At the moment, I am importing the list of all known modules at the beginning of my main script - this is a nasty hack I feel, and is not very flexible, as well as being a maintenance pain.
This is the function that spawns the processes. I will like to modify it to dynamically load the module when it is encountered. The key in the dictionary is the name of the module containing the code:
def do_work(work_info):
for (worker, dataset) in work_info.items():
#import the module defined by variable worker here...
# [Edit] NOT using threads anymore, want to spawn processes asynchronously here...
#t = threading.Thread(target=worker.do_work, args=[dataset])

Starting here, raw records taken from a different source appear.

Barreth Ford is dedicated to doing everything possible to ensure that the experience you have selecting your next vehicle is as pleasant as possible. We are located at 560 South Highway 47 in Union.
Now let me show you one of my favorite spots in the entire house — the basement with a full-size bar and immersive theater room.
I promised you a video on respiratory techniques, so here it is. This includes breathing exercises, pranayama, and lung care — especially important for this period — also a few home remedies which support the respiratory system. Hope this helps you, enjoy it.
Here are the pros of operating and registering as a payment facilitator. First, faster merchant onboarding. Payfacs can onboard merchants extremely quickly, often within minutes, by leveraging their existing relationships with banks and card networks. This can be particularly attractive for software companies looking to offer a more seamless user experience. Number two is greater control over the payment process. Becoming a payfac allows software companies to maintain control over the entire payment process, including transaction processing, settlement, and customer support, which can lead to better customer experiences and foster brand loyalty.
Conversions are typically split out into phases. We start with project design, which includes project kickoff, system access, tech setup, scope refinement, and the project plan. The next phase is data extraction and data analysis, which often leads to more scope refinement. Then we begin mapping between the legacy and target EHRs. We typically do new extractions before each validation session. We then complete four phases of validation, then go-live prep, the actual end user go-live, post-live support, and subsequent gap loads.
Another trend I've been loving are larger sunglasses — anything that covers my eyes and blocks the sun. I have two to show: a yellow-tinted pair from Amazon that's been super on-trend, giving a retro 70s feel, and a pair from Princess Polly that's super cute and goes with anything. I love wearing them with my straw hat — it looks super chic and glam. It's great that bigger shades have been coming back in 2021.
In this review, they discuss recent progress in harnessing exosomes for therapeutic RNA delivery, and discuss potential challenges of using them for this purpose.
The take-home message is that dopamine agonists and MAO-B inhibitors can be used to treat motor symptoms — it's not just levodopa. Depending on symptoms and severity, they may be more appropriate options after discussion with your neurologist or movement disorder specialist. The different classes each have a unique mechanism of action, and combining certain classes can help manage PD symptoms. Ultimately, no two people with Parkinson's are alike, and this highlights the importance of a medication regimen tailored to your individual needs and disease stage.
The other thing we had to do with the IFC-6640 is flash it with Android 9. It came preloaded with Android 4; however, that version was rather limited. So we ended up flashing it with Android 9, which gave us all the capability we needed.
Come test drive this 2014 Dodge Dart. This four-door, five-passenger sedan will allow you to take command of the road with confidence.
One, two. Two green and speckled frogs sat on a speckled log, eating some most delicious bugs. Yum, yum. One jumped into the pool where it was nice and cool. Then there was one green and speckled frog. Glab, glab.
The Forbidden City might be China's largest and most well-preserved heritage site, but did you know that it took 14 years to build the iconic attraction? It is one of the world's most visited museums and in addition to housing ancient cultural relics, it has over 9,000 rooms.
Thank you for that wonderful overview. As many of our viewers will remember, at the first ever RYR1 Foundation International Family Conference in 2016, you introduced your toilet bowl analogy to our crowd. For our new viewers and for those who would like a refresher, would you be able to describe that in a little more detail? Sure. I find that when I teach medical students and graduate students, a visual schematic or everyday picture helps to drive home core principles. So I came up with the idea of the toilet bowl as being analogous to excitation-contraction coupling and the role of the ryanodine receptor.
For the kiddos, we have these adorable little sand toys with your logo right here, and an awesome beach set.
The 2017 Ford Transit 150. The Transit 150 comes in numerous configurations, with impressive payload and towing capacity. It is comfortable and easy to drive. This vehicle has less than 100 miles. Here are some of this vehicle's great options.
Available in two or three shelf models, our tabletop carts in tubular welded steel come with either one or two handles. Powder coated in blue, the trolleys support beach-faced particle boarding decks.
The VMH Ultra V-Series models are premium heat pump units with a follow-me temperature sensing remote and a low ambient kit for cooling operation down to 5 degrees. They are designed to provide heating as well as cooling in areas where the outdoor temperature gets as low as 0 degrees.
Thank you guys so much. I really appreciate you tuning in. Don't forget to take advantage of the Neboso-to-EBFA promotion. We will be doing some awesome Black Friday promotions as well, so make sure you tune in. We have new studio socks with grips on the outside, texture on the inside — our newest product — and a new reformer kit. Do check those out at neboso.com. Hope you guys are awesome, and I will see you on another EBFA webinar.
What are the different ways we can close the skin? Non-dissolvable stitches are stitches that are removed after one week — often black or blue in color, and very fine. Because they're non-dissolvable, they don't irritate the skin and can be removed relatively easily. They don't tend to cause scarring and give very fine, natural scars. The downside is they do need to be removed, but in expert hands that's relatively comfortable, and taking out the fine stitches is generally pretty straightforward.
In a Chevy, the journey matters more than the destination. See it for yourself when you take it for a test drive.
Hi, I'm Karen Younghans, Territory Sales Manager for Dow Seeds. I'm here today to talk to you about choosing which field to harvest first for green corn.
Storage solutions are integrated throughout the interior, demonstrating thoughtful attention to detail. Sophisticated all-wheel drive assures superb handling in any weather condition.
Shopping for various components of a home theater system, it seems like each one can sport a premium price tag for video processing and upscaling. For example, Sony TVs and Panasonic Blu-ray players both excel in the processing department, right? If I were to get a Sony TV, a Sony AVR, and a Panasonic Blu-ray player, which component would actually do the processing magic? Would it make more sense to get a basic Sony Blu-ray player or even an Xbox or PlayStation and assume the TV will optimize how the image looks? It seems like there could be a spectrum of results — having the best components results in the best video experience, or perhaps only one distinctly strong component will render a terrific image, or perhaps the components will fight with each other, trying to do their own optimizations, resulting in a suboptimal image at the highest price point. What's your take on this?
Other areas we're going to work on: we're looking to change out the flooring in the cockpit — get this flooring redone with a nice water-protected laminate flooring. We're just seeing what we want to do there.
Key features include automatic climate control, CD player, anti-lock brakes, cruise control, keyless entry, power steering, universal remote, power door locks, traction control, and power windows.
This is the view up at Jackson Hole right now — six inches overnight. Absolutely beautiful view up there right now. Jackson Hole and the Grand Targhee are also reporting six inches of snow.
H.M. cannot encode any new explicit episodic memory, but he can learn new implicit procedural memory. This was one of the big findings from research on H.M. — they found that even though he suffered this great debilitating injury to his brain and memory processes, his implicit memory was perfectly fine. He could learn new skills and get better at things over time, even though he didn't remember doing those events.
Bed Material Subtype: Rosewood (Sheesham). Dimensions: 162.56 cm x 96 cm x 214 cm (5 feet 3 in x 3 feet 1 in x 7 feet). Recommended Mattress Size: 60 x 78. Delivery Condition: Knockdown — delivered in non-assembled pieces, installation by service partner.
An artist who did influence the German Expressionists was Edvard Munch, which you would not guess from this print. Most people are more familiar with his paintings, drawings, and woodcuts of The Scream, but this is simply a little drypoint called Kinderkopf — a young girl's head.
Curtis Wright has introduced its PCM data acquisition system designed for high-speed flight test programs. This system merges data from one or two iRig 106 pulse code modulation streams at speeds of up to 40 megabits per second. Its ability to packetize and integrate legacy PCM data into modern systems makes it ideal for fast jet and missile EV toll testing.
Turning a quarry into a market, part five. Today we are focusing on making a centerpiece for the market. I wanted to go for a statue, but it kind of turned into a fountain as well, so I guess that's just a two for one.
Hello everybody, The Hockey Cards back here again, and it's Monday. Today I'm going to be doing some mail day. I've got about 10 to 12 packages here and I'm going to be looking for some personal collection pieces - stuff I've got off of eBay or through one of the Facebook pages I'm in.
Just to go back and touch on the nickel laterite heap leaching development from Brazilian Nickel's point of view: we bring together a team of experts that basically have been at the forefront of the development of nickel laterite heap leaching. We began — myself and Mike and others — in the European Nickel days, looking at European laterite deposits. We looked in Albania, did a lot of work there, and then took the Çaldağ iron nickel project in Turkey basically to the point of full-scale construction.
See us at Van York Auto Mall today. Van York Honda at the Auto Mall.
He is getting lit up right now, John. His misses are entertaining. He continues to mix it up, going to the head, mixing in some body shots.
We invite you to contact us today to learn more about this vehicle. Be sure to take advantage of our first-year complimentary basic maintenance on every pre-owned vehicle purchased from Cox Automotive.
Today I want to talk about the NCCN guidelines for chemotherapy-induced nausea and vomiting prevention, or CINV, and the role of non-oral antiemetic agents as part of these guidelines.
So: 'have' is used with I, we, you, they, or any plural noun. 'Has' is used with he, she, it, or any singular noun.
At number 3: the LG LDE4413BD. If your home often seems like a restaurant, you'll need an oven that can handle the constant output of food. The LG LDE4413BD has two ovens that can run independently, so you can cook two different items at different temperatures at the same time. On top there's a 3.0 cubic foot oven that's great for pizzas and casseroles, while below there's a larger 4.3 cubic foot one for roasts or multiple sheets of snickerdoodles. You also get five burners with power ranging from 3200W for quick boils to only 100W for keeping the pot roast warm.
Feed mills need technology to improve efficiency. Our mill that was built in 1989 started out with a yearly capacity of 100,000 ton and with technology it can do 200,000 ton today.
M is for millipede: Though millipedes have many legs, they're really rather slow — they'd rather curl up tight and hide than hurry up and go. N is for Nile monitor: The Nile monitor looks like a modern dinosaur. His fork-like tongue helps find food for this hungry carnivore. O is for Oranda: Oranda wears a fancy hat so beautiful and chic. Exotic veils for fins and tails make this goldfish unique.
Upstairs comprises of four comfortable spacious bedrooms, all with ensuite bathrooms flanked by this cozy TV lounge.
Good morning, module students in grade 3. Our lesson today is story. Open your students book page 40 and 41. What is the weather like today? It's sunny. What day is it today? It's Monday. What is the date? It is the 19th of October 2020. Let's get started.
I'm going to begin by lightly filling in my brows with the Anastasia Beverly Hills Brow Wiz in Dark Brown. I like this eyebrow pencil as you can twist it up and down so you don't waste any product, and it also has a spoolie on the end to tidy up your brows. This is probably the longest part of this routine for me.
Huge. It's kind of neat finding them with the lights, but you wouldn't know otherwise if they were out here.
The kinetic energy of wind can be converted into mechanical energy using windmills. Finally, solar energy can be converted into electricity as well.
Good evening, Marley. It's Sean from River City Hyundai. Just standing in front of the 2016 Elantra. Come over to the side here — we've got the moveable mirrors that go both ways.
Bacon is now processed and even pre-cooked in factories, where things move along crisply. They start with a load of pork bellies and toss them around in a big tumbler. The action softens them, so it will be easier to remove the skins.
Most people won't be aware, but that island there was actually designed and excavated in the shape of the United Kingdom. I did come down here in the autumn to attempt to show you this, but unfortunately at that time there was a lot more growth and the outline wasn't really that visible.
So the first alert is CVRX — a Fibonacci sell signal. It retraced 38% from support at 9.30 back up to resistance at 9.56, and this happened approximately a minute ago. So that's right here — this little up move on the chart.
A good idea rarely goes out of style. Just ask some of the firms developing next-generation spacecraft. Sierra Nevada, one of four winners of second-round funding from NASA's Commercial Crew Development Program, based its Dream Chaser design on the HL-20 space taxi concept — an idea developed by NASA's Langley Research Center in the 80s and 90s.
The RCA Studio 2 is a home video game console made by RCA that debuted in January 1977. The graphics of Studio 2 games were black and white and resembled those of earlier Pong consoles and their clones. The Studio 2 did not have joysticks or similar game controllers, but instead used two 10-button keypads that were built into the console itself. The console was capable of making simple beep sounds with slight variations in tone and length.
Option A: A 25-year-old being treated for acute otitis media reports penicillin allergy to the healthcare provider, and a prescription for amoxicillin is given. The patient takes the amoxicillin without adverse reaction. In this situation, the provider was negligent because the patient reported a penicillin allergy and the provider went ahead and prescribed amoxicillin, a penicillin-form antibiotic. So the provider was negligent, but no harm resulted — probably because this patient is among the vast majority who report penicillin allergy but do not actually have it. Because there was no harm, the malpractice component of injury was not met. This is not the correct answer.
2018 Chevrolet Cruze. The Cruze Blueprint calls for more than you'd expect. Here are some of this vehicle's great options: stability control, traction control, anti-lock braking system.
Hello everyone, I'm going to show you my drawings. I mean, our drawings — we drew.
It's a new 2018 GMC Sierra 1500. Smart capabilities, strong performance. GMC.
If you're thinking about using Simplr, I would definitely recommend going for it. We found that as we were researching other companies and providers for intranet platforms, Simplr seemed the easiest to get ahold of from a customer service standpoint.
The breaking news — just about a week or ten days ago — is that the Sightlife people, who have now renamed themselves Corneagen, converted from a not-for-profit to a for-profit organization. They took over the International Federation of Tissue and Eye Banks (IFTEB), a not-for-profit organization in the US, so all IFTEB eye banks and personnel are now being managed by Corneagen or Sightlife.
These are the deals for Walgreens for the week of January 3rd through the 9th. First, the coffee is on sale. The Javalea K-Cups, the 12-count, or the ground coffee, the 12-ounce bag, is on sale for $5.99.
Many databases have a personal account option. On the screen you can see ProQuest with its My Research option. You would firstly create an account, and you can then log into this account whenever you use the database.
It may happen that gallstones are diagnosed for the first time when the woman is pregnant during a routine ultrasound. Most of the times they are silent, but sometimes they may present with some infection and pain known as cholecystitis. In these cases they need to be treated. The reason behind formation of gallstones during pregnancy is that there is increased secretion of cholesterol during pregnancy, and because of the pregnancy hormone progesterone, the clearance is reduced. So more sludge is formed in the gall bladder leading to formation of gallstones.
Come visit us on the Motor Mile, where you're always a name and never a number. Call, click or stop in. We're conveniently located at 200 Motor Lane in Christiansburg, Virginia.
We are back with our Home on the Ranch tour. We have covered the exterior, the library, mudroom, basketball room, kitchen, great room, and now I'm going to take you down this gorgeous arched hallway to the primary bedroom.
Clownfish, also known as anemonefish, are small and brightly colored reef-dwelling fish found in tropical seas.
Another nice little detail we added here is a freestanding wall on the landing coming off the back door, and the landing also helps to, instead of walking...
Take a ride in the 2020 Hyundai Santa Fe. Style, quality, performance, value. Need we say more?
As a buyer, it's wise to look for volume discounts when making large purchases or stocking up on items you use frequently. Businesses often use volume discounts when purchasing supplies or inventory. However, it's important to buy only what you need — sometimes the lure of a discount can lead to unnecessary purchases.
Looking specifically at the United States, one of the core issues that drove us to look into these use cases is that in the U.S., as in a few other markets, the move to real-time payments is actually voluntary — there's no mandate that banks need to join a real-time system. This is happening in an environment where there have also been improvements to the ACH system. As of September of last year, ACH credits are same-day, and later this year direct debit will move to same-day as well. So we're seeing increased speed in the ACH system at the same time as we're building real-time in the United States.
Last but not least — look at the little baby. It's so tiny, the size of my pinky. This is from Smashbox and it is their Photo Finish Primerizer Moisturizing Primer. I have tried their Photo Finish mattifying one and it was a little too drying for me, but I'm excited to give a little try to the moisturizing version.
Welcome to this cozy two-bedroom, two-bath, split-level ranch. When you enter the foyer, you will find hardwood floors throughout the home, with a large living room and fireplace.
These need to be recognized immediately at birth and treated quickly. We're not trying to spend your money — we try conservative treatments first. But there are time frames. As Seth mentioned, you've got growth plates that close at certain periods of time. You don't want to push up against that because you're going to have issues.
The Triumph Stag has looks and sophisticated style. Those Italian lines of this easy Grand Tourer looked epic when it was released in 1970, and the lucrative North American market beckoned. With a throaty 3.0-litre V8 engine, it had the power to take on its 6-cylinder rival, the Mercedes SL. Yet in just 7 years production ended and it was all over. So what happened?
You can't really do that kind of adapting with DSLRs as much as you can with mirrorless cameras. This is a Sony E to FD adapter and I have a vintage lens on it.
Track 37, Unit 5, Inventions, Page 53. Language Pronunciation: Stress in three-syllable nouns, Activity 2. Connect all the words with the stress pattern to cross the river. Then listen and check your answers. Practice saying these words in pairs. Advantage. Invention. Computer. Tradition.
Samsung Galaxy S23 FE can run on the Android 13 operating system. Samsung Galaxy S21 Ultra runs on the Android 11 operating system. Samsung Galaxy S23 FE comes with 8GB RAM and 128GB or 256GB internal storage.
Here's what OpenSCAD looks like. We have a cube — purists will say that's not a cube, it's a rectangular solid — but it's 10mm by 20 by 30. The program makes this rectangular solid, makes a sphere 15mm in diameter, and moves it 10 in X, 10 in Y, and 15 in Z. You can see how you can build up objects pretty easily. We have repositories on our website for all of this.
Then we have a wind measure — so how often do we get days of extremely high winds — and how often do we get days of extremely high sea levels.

# I'll NOT dameonize since spawned children need to clean up on shutdown
# Since the threads will be holding resources
#t.daemon = True
#t.start()
Question 1
When I call the function in my script (as written above), I get the following error:
AttributeError: 'str' object has no
attribute 'do_work'
Which makes sense, since the dictionary key is a string (name of the module to be imported).
When I add the statement:
import worker
before spawning the thread, I get the error:
ImportError: No module named worker
This is strange, since the variable name rather than the value it holds are being used - when I print the variable, I get the value (as I expect) whats going on?
Question 2
As I mentioned in the comments section, I realize that the do_work() function written in the spawned children needs to cleanup after itself. My understanding is to write a clean_up function that is called when do_work() has completed successfully, or an unhandled exception is caught - is there anything more I need to do to ensure resources don't leak or leave the OS in an unstable state?
Question 3
If I comment out the t.daemon flag statement, will the code stil run ASYNCHRONOUSLY?. The work carried out by the spawned children are pretty intensive, and I don't want to have to be waiting for one child to finish before spawning another child. BTW, I am aware that threading in Python is in reality, a kind of time sharing/slicing - thats ok
Lastly is there a better (more Pythonic) way of doing what I'm trying to do?
[Edit]
After reading a little more about Pythons GIL and the threading (ahem - hack) in Python, I think its best to use separate processes instead (at least IIUC, the script can take advantage of multiple processes if they are available), so I will be spawning new processes instead of threads.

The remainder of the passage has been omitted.